Amorphous silicon absorbs primarily in the visible portion of the spectrum below 700 nanometers (nm) while microcrystalline silicon absorbs similarly to bulk crystalline silicon with a gradual reduction in absorption extending to ˜1200 nm. Both types of material benefit from textured surfaces. Depending on the size scale of the texture, the texture performs light trapping and/or reduces Fresnel loss at the Si/substrate interface.

It would be advantageous to have light scattering inorganic articles wherein hemispherical particles create a textured surface on the substrate. Further, it would be advantageous to have light scattering inorganic articles with an enhanced absorption in the range of from 400 nm to 600 nm wavelengths for photovoltaic devices.

SUMMARY

Light scattering inorganic articles, as described herein, address one or more of the above-mentioned disadvantages of conventional light scattering articles and may provide one or more of the following advantages: enhanced light trapping or light absorption at 400 nm-600 nm wavelengths, and several methods can be used to make the articles.
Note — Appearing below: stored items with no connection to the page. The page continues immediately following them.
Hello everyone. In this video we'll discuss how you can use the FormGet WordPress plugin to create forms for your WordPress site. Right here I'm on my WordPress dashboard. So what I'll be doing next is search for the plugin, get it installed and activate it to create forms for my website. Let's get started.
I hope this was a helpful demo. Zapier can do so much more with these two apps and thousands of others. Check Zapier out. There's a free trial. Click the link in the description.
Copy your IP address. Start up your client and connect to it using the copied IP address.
One embodiment is a light scattering article comprising an inorganic substrate having a textured surface, wherein the surface comprises hemispherical inorganic particles having an average diameter of 300 nm or less, and wherein the article has an enhanced absorption at wavelengths in the range of from 400 nm to 600 nm.
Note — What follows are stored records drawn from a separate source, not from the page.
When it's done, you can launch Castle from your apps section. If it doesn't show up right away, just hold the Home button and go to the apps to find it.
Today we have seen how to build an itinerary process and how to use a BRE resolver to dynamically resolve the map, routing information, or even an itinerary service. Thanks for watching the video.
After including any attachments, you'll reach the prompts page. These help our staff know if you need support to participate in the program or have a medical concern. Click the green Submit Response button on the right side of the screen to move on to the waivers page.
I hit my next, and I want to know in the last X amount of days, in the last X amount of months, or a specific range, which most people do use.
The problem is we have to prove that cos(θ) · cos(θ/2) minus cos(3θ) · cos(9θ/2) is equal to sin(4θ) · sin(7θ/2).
Another embodiment is a photovoltaic device comprising a light scattering article comprising an inorganic substrate having a textured surface, wherein the surface comprises hemispherical inorganic particles having an average diameter of 300 nm or less, and wherein the article has an enhanced absorption at wavelengths in the range of from 400 nm to 600 nm.
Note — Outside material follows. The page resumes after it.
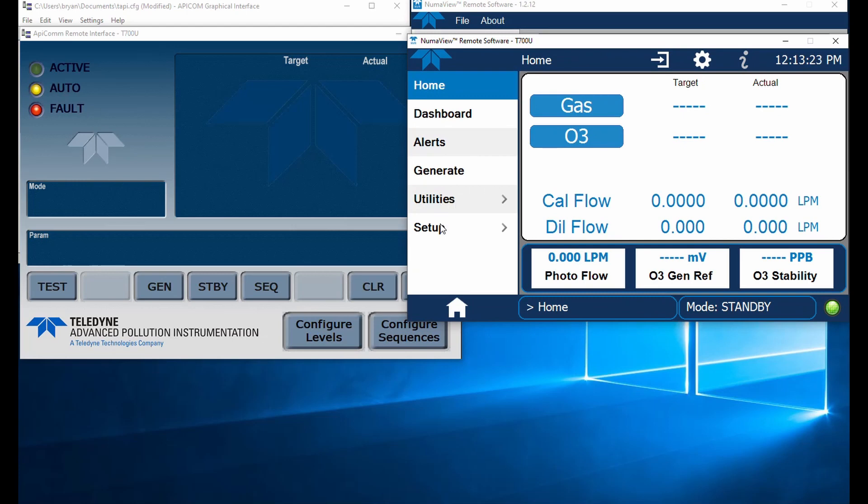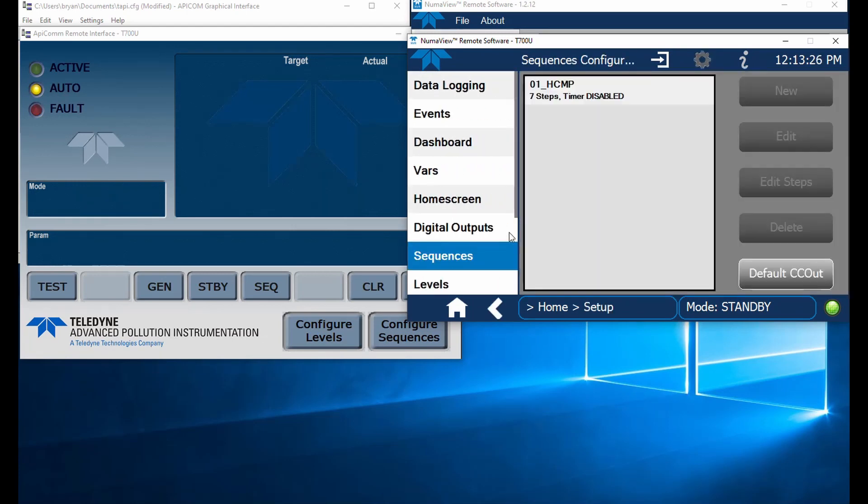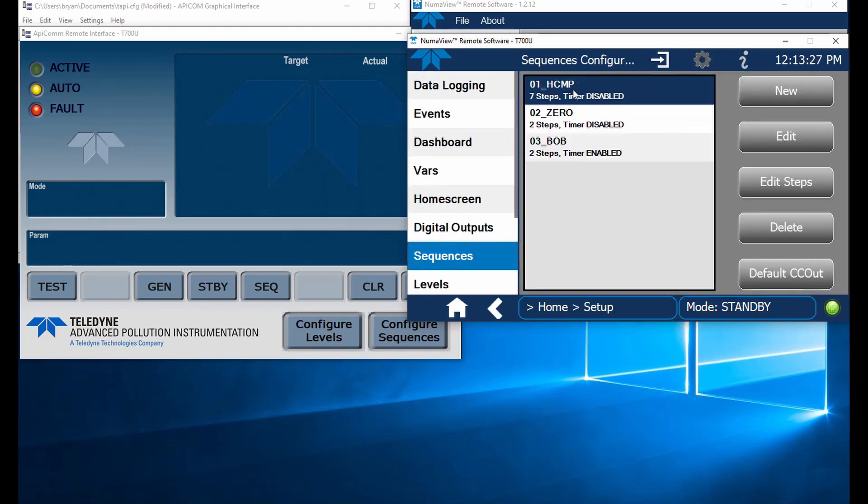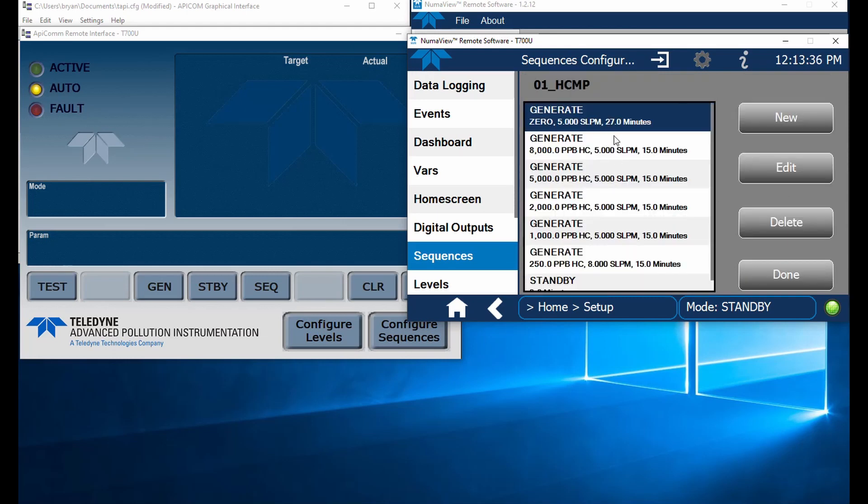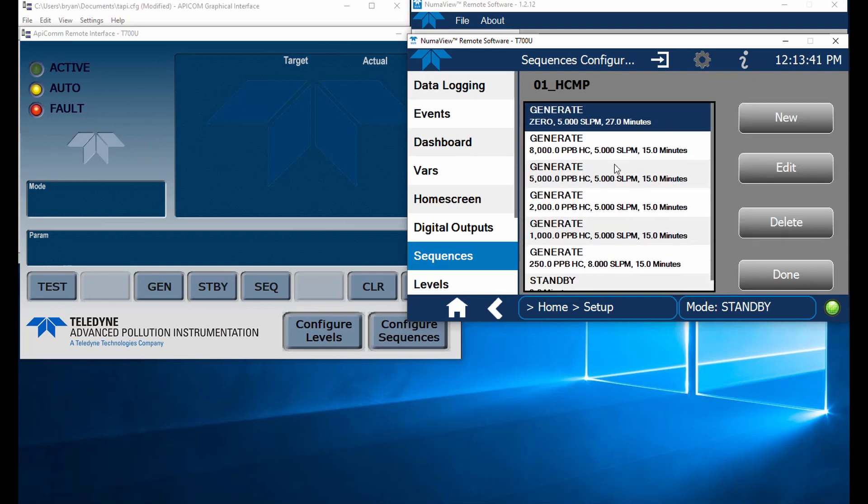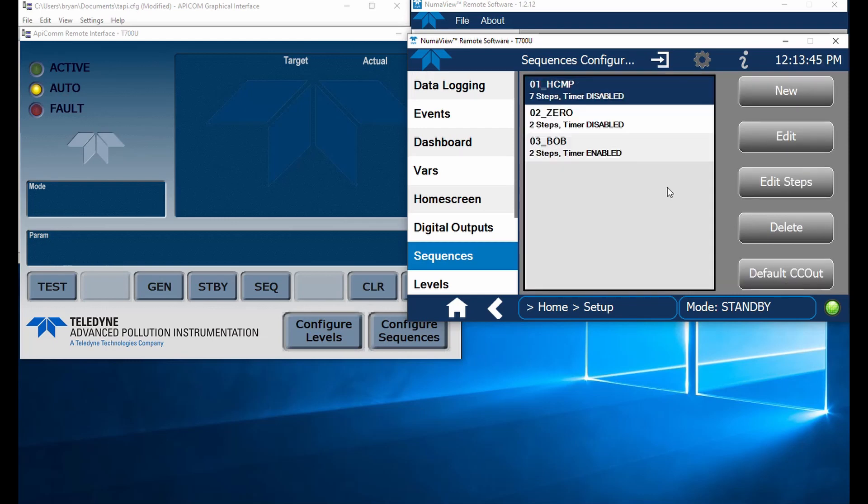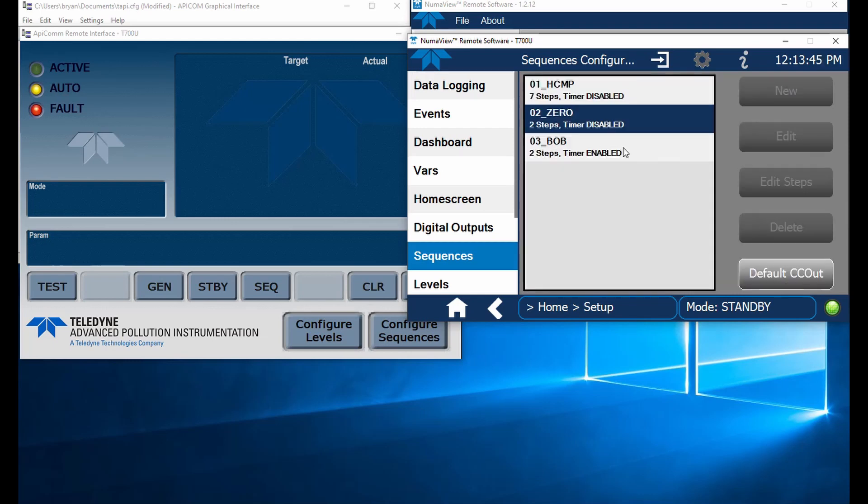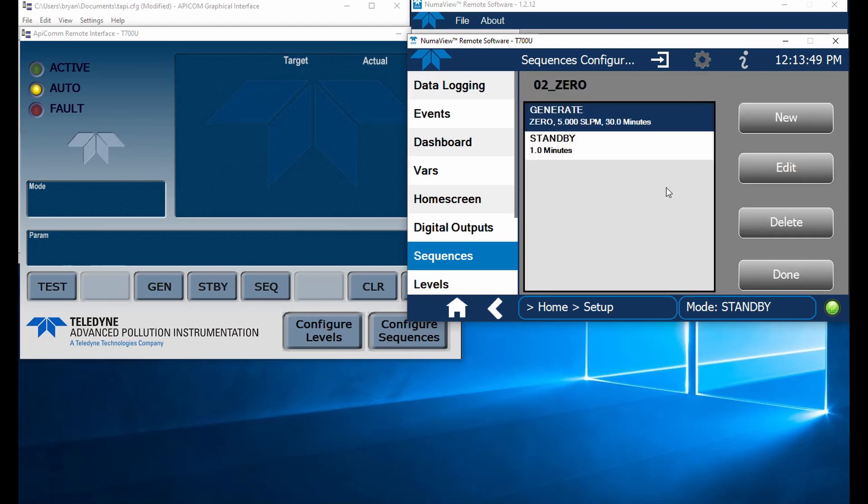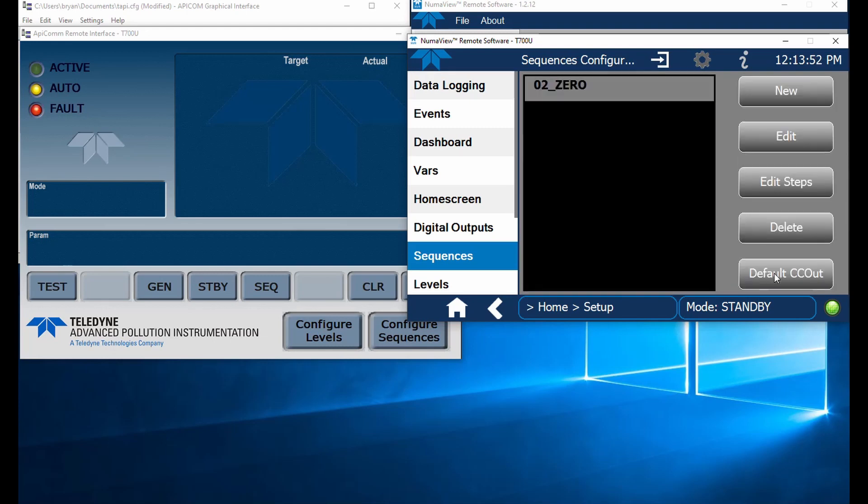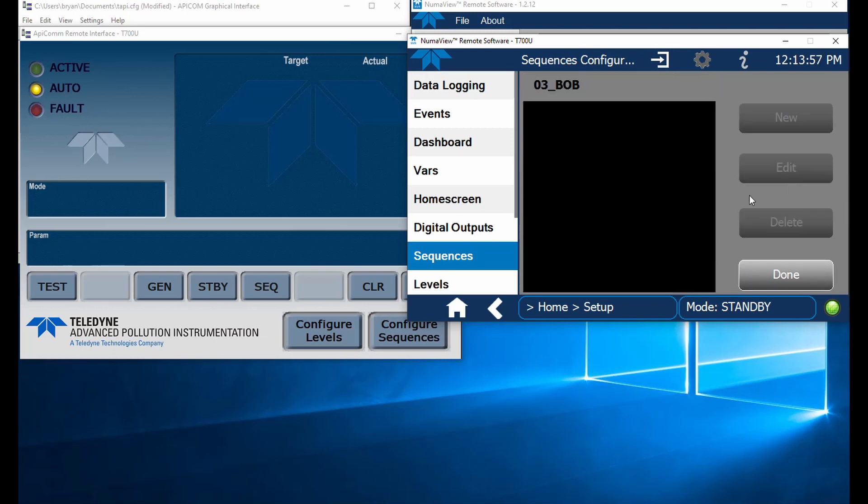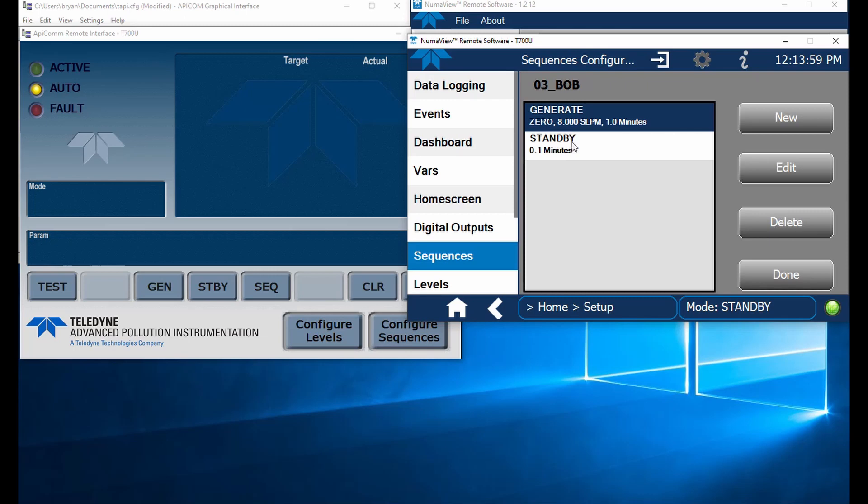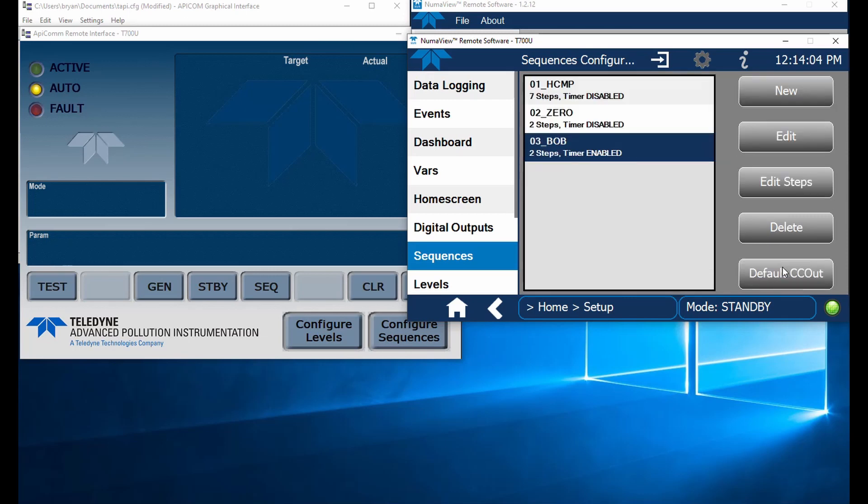So when we go into my calibrator, we're going to see that I've got three sequences set up here. I've got my hydrocarbon multipoint set up with seven steps. We've got a zero, a few dilution points, and a standby down here. This one happens to be running for 27 minutes for this zero. I've got another one called zero that's got a couple of steps. Generate zero and then go into standby. And then another one called bob because why wouldn't you have a calibration sequence called bob. Also generates zero at eight liters for a minute, goes into standby.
Additional features and advantages of the invention will be set forth in the detailed description which follows, and in part will be readily apparent to those skilled in the art from the description or recognized by practicing the invention as described in the written description and claims hereof, as well as the appended drawings.

It is to be understood that both the foregoing general description and the following detailed description are merely exemplary of the invention, and are intended to provide an overview or framework for understanding the nature and character of the invention as it is claimed.

The accompanying drawings are included to provide a further understanding of the invention, and are incorporated in and constitute a part of this specification. The drawings illustrate one or more embodiment(s) of the invention and together with the description serve to explain the principles and operation of the invention.

BRIEF DESCRIPTION OF THE DRAWINGS

The invention can be understood from the following detailed description either alone or together with the accompanying drawing figures.

FIG. 1 is a yz-cross-section of a conventional a-Si photovoltaic cell using a non-textured flat glass substrate.

FIG. 2 is a cross-section of features of an a-Si photovoltaic cell comprising a light scattering article having a textured glass surface comprising hemispherical glass particles randomly distributed on a glass surface, according to one embodiment.

FIGS. 3A and 3B show optical constants of the a-Si photovoltaic cell materials used in the simulations.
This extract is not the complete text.